In this new phase of “interracial cooperation,” what price will Black families have to pay to find people who believe in your right to exist?
I too was fed this diet of market harmony from a young age. I also played a role in the campaign. My Aunt Carla had discovered a photo of me in high-tops and a baggy polo, saying it must have been from my high school years, sitting and chatting with Mayor Sharon Sayles Belton in the 1990s with a coalition of perfectly diverse teens. I couldn’t remember why I was there or what was discussed. But we were all clearly there to help tell a story. It’s the same in brochures for after-school programs, bus ads for clinics, the campaign literature that fills mailboxes during election season. The settings and causes may have changed, but the cast of characters was always the same, a rainbow of humanity working together for a purpose greater than all of us.
But the Urban League’s Guide to Interracial Cooperation from the 1940s was an artifact of an era when it was important to find willing partners who could support equal rights not just in theory, but in the practical world. The decade that ended World War II and ushered in America’s expansionist era domestically was the embodiment of a liberal dream, a government that could wrap its arms around Americans and help build enough stability to pull the country out of the Depression. Whether that prosperity will be shared among all Americans is a different matter altogether.
Waves of new families would join the Great Migration after the war and northern cities would find it difficult to ignore the complexity of black life. Chicago’s black population was more than 277,000 in 1940; Detroit’s number was 149,000. In Minneapolis the number was 4,646. Statistically we were the laggards.

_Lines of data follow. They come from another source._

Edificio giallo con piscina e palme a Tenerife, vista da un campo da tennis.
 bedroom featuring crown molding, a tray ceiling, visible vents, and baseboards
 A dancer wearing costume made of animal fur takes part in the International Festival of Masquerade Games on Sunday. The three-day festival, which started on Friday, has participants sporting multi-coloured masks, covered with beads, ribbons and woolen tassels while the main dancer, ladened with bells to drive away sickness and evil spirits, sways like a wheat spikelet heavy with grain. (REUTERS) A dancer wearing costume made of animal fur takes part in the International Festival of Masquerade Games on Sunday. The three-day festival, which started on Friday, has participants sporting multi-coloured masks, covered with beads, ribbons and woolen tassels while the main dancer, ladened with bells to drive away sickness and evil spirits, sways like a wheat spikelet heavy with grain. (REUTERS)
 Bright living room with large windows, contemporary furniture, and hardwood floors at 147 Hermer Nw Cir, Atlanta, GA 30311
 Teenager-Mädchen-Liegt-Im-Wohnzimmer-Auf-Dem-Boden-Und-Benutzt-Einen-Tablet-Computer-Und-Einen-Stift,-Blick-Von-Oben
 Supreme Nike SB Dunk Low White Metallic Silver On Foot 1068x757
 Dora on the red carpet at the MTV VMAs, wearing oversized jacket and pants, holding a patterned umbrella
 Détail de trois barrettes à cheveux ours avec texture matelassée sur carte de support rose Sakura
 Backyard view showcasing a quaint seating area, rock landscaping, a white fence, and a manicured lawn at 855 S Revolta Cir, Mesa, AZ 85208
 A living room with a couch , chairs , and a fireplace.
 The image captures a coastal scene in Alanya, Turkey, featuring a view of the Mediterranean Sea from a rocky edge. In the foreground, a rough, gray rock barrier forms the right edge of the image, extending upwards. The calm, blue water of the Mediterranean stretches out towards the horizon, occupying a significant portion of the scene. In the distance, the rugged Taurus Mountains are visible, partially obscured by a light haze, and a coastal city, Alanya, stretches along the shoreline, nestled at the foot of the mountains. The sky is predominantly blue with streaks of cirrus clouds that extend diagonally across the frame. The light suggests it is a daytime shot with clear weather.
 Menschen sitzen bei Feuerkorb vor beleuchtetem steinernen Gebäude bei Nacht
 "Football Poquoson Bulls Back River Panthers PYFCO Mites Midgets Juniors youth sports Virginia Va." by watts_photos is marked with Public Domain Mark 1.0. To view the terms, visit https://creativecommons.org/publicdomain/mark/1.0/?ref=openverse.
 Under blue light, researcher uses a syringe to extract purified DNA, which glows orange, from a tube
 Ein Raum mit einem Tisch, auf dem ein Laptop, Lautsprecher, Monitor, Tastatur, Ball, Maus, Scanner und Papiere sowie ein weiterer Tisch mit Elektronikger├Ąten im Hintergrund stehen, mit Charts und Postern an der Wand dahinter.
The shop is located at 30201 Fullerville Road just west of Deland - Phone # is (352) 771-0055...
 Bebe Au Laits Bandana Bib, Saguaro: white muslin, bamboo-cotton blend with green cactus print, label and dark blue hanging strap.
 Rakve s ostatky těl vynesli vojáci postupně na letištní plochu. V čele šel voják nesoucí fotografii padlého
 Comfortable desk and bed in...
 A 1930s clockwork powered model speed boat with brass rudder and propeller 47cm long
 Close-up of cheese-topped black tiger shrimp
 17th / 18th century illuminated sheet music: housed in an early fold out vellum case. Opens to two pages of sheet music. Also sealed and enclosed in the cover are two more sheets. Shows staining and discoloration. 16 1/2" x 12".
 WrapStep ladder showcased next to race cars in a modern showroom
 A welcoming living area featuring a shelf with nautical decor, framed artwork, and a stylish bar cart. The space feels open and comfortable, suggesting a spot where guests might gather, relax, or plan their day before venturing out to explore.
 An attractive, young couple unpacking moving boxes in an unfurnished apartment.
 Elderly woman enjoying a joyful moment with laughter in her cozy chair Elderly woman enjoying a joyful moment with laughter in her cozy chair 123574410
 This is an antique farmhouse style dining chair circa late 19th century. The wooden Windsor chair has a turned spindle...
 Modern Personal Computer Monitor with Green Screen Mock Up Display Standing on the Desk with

If state laws state that Minnesota does not discriminate, the reality outweighs the lie. Jobs were scarce for black workers outside the service industry in Minneapolis and there was patriotic desperation for wartime conscription. Police harassment was common for black families and their Jewish neighbors. For black families who entered the middle class, it was almost impossible to buy a home.
In the origin story of progressive politics in modern Minneapolis, these years were a difficult time. Black workers would begin to find a home in the city’s labor movement and the Democratic Party. Philanthropic capitalists will raise the issue of fair housing. The city will attempt to untangle the ways it fails black families by adopting a vague and seemingly race-blind concept of “human relations.” It will try to analyze its way out of isolation.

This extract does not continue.